* _Try it_
Only an exact copy is wanted: the lines from the one holding "1 Bedroom apartment" through the last line below, minus the pictures.
--- Data shown ---
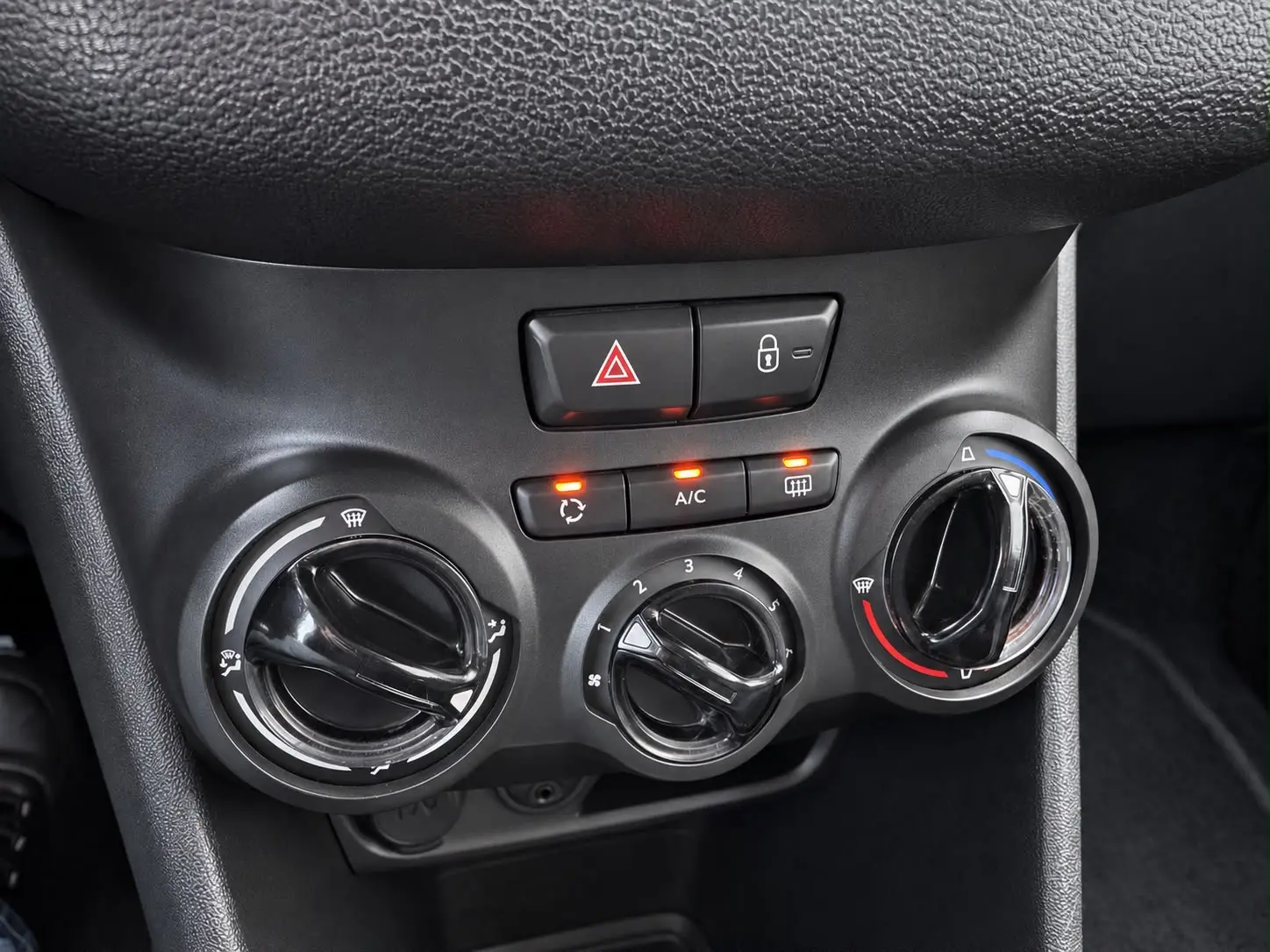 Peugeot 208 1.4 HDi Active 6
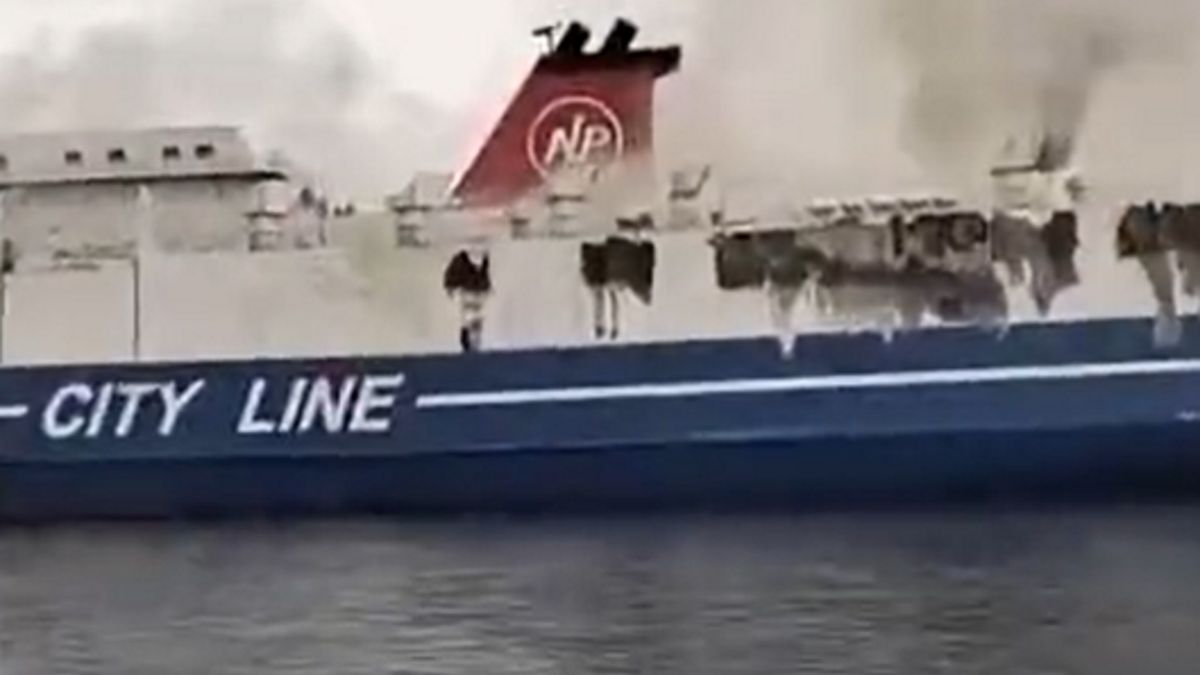 Statek zaczął płonąć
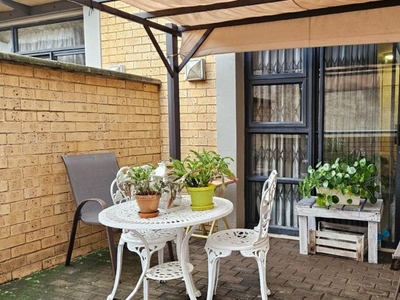 1 Bedroom apartment for sale in Lynnwood, Pretoria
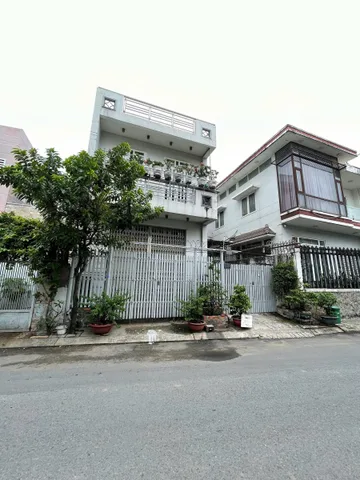 Bán nhà 128m² full thổ cư ngang 7m giá 12.1 tỷ tại Phường Thủ Đức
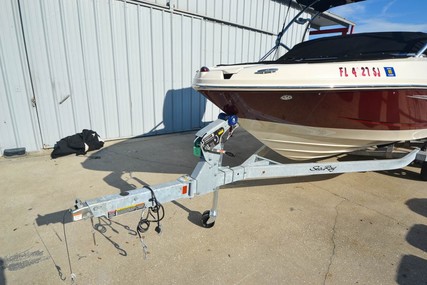 Sea Ray 210 Select Tower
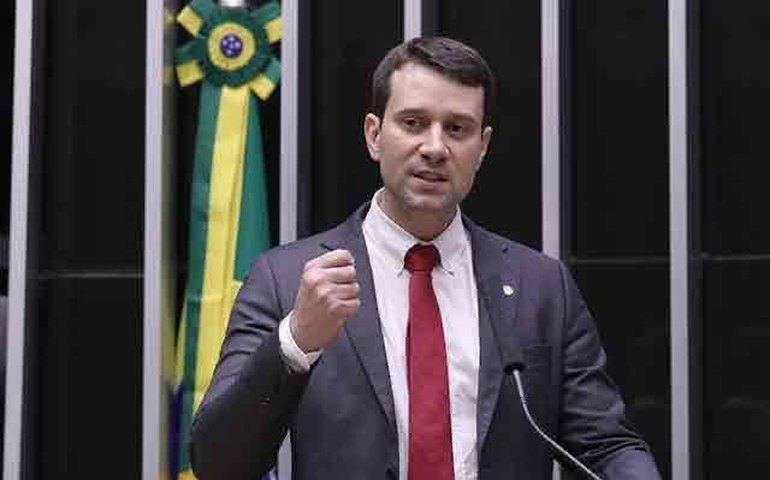Durante sanção do Programa Escola em Tempo Integral, deputado relembra pioneirismo de Arapiraca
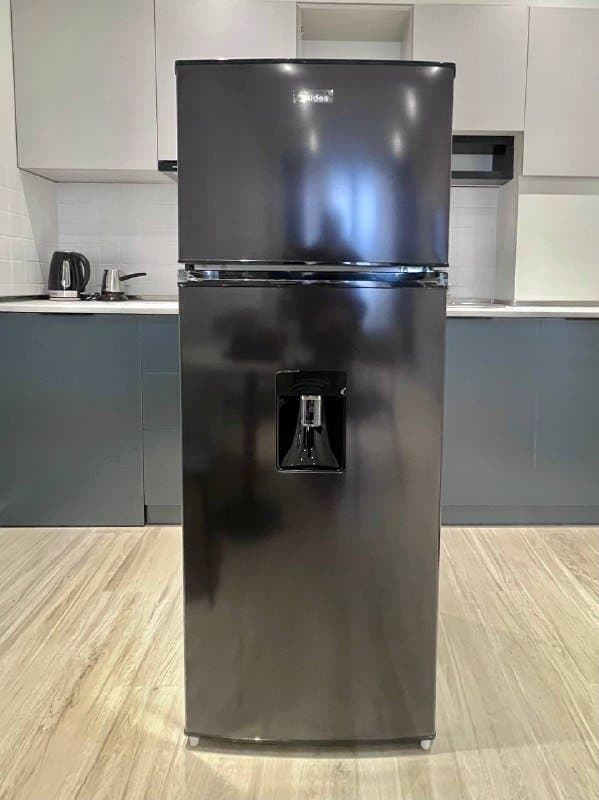 Холодильник Midea 2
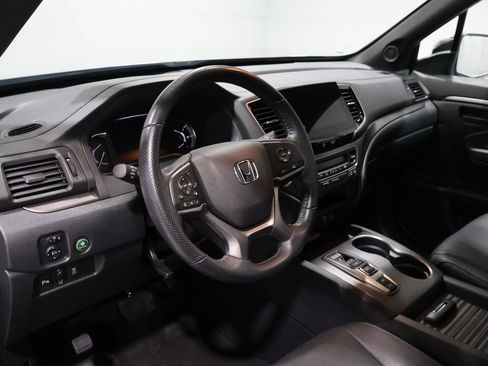 Used 2023 Honda Passport EX-L image 16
---
* _Task result_
 1 Bedroom apartment for sale in Lynnwood, Pretoria
 Bán nhà 128m² full thổ cư ngang 7m giá 12.1 tỷ tại Phường Thủ Đức
 Sea Ray 210 Select Tower
Durante sanção do Programa Escola em Tempo Integral, deputado relembra pioneirismo de Arapiraca
 Холодильник Midea 2
 Used 2023 Honda Passport EX-L image 16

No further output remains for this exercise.